Section 22: Kubernetes Internals — Overview
Section Purpose and Scope
This section dissects Kubernetes from the inside out. Rather than covering kubectl commands and YAML syntax, it examines the architectural decisions underlying the control plane, the reconciliation loops that drive the system toward declared state, the network and storage plugin interfaces, and the security mechanisms governing multi-tenant clusters. The focus is on why Kubernetes works the way it does: its design choices, failure modes, and the invariants the system maintains under partial failure.
Prerequisites
- Section 15: Networking (TCP/IP, DNS, load balancing)
- Section 17: Distributed Systems (consensus, leader election, watch mechanisms)
- Section 18: Database Internals (B-trees, WAL — for etcd)
- Section 20: Containers (OCI spec, CRI, container runtimes)
- Section 21: Cloud Infrastructure (cloud provider integration context)
Learning Objectives
- Trace the complete lifecycle of a Pod from
kubectl applyto a running container. - Explain etcd's role and why it is the sole source of truth in a Kubernetes cluster.
- Describe the API server's request handling pipeline including admission controllers.
- Articulate the scheduler's filtering and scoring algorithm.
- Explain how controllers implement reconciliation loops and handle leader election.
- Describe how kube-proxy implements Service abstractions using iptables or eBPF.
- Understand the CNI and CSI plugin interfaces at the level of what calls are made and when.

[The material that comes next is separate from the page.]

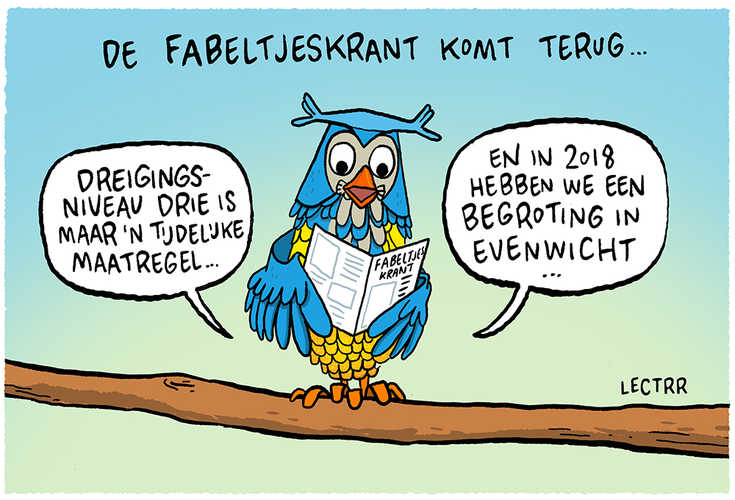 Fabeltjeskrant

- Analyze RBAC policy evaluation and the relationship between ServiceAccounts and pod identity.
Architecture Overview
┌─────────────────────────────────────────────────────────────────┐
│ CONTROL PLANE │
│ │
│ ┌─────────────┐ ┌──────────────────────────────────────┐ │
│ │ etcd │◄───│ kube-apiserver │ │
│ │ (Raft │ │ - Authentication (certs, OIDC) │ │
│ │ consensus) │ │ - Authorization (RBAC, ABAC, webhook)│ │
│ │ 3 or 5 │ │ - Admission Controllers │ │
│ │ members │ │ - Serialization / validation │ │
│ │ │ │ - Watch/List serving │ │
│ └─────────────┘ └────────────────┬─────────────────────┘ │
│ │ watches │
│ ┌─────────────────────────────────── ▼──────────────────────┐ │
│ │ kube-controller-manager (leader-elected) │ │
│ │ ┌───────────────┐ ┌───────────────┐ ┌────────────────┐ │ │
│ │ │ ReplicaSet │ │ Deployment │ │ Node │ │ │
│ │ │ Controller │ │ Controller │ │ Controller │ │ │
│ │ └───────────────┘ └───────────────┘ └────────────────┘ │ │
│ │ ┌───────────────┐ ┌───────────────┐ ┌────────────────┐ │ │
│ │ │ Endpoint │ │ ServiceAccount│ │ Job │ │ │
│ │ │ Controller │ │ Controller │ │ Controller │ │ │
│ │ └───────────────┘ └───────────────┘ └────────────────┘ │ │
│ └───────────────────────────────────────────────────────────┘ │
│ │
│ ┌───────────────────────────────────────────────────────────┐ │
│ │ kube-scheduler (leader-elected) │ │
│ │ Filter plugins → Score plugins → Bind │ │
│ │ (NodeAffinity, Taint/Toleration, ResourceFit, ...) │ │
│ └───────────────────────────────────────────────────────────┘ │
└─────────────────────────────────────────────────────────────────┘
│ API calls
┌─────────────────────────── ▼──────────────────────────────────────┐
│ DATA PLANE (per node) │
│ │
│ ┌─────────────────────────────────────────────────────────────┐ │
│ │ kubelet │ │
│ │ - PodSpec reconciliation loop │ │
│ │ - CRI calls → containerd/CRI-O │ │
│ │ - CSI volume mounting │ │
│ │ - CNI plugin invocation at pod network setup │ │
│ │ - Liveness/readiness probe execution │ │
│ │ - Node status reporting │ │
│ └────────────────────┬────────────────────────────────────────┘ │
│ │ │
│ ┌────────────────────▼────────────────────────────────────────┐ │
│ │ Container Runtime (containerd/CRI-O) │ │
│ │ → runc / kata / gVisor (OCI runtime) │ │
│ └─────────────────────────────────────────────────────────────┘ │
│ │
│ ┌─────────────────────────────────────────────────────────────┐ │
│ │ kube-proxy (or Cilium/eBPF replacement) │ │
│ │ Watches Services/Endpoints → programs iptables / ipvs │ │
│ │ or eBPF maps for ClusterIP, NodePort, LoadBalancer │ │
│ └─────────────────────────────────────────────────────────────┘ │
│ │
│ Pod Network (CNI plugin): │
│ ┌──────────┐ veth ┌──────────┐ ┌──────────────────────────┐ │
│ │ Pod A ├────────┤ cbr0 / │ │ Overlay / BGP │ │
│ │ eth0 │ │ bridge ├──┤ (VXLAN, WireGuard, │ │
│ └──────────┘ └──────────┘ │ BGP with Calico) │ │
│ └──────────────────────────┘ │
└────────────────────────────────────────────────────────────────────┘
Key Concepts
- etcd: Distributed key-value store using the Raft consensus algorithm. All cluster state serialized as protobuf stored under
/registry/prefix. Watch mechanism feeds API server informers. A 3-node etcd cluster tolerates one failure; 5-node tolerates two. - API Server: Stateless front-end to etcd. Every object mutation goes through authentication, authorization, and admission before being written. Serves Watch streams to controllers and the scheduler.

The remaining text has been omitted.